Die Division „Theodor Körner“ der Wenck-Armee, welche Klietz verteidigte, bestand aus den jüngsten und ältesten Soldaten des Krieges, es waren Hitlerjungen und Mitglieder des Reicharbeitsdienstes. Viele ließen sinnlos kurz vor Kriegsende ihr Leben – sie fanden ihre letzte Ruhe auf dem „Heldenfriedhof“, wie die Kriegsgräberstätte im Wald an der Forststraße im Dorf immer noch genannt wird. Nicht alle konnten identifiziert werden.

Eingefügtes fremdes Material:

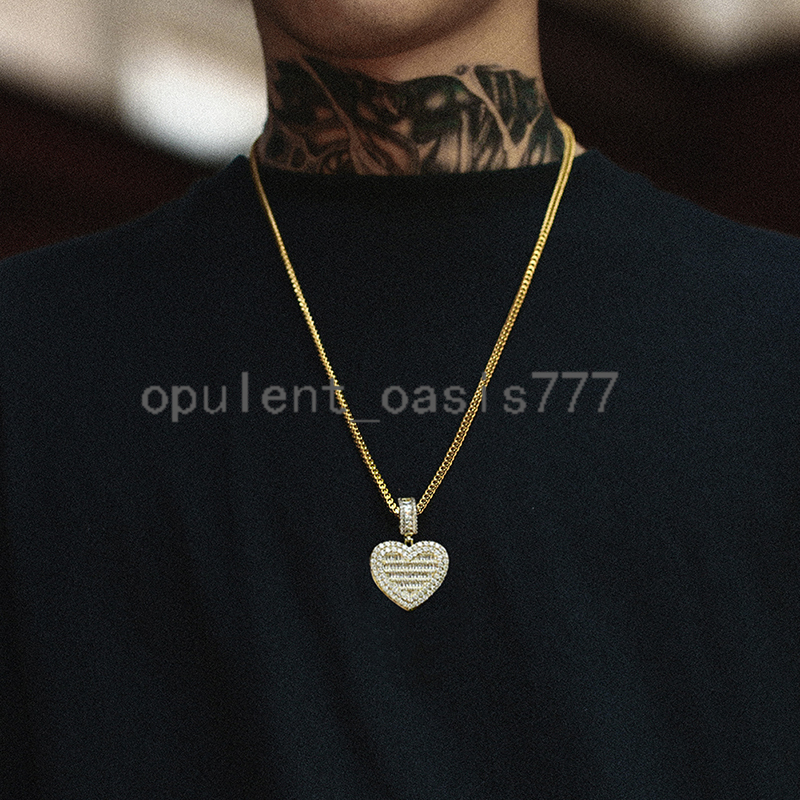 Wholesale Price 40mm Gold Plated Brass Baguette moissanite Diamond Custom Photo Necklace Heart Pendant With Chain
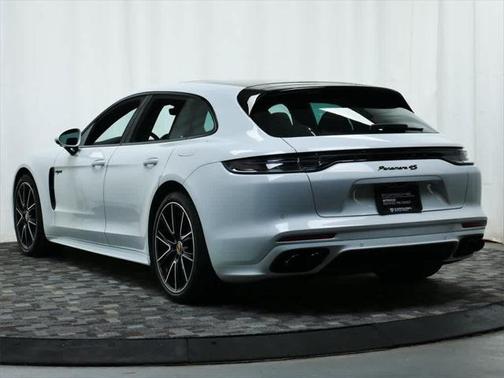 2022 Porsche Panamera E-Hybrid Sport Turismo 4S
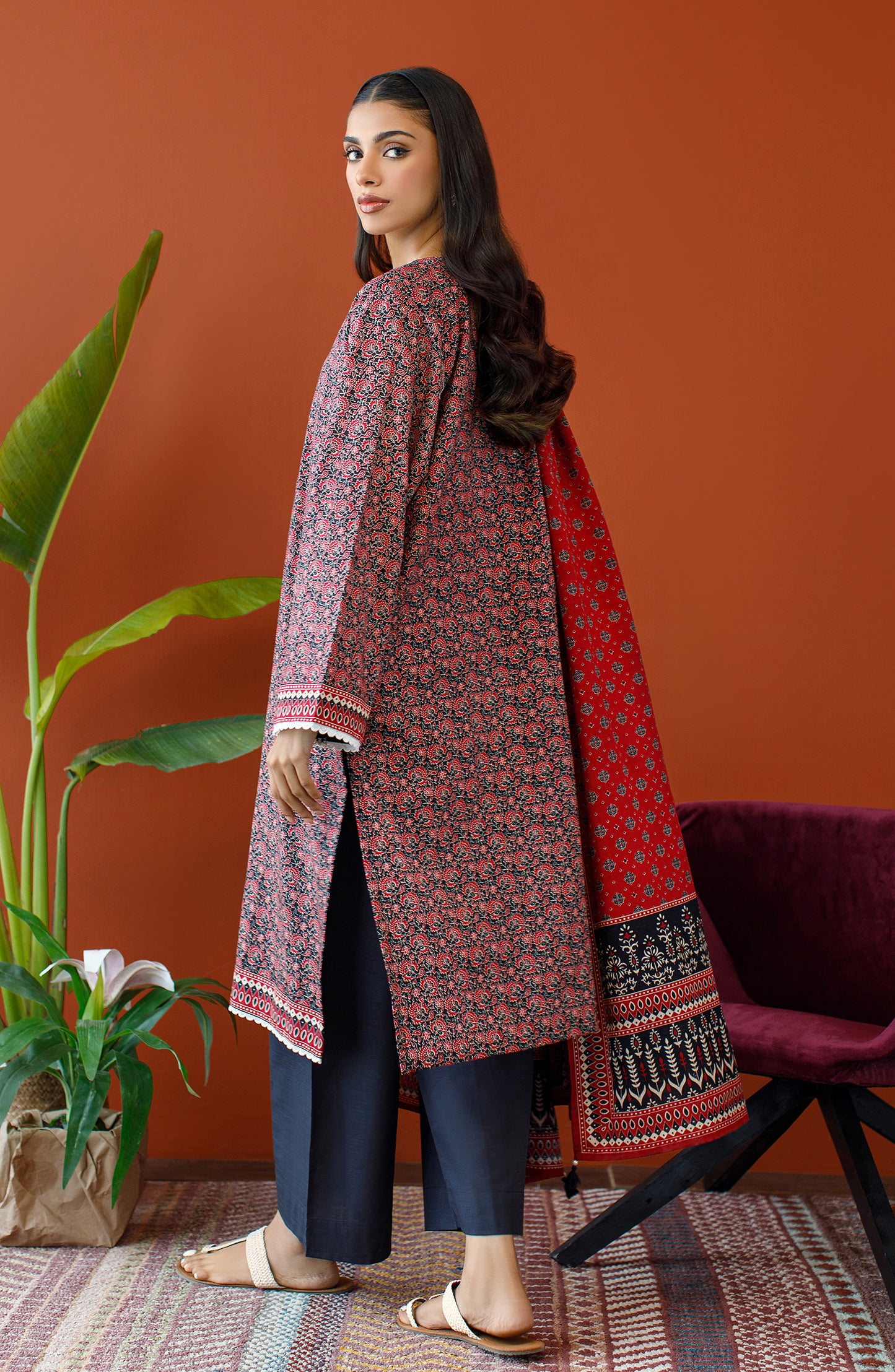 OTL-23-198/U BLACK KHADDAR Women UNSTITCHED SHIRT DUPATTA PANTS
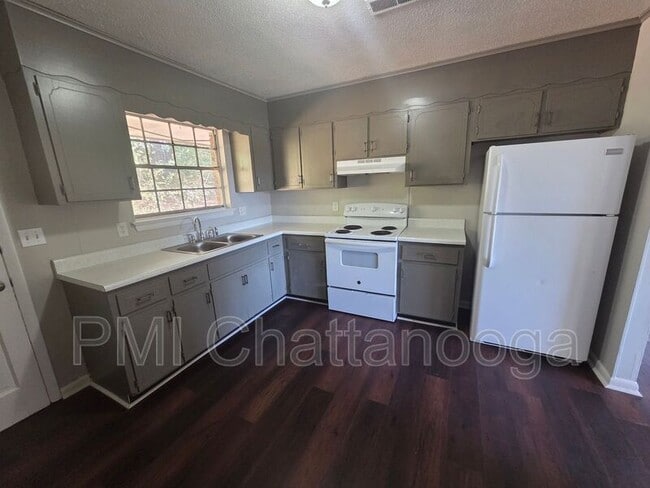 Building Photo - 583 Bandy Ln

Mahnung an die Lebenden: Nie wieder Krieg!

Mit der Erinnerung an die Gefallenen aus Klietz möchte Günter Bähne nicht nur die Erinnerung an die Toten wachhalten. Er versteht die Tafel auch als Mahnung an die Lebenden, nie wieder einen Krieg zuzulassen. Der Ort, der ohne die Werksarbeiter einst um die 650 Einwohner besessen hatte, hatte im 2. Weltkrieg einen hohen Blutzoll entrichten müssen – mit den Vermissten eingerechnet starb fast jeder zehnte Klietzer. Auch Ingrid Eichmanns Bruder blieb bis heute verschollen.

Der jüngste auf der Tafel ist übrigens Kurt Domröse, er wurde nur 18 Jahre alt. Etliche andere Opfer sind mit 19 oder 20 Jahren gefallen, sie hatten also noch nicht einmal eine Familie gründen können.

Am Sonntag, 7. Mai, wird die von Günter Bähne gestiftete Gedenktafel in der Kirche eingeweiht. Der Taufgottesdienst beginnt um 10 Uhr. Am Sonnabend, 13. Mai, findet ab 8.30 Uhr an der Kirche zudem ein Arbeitseinsatz statt.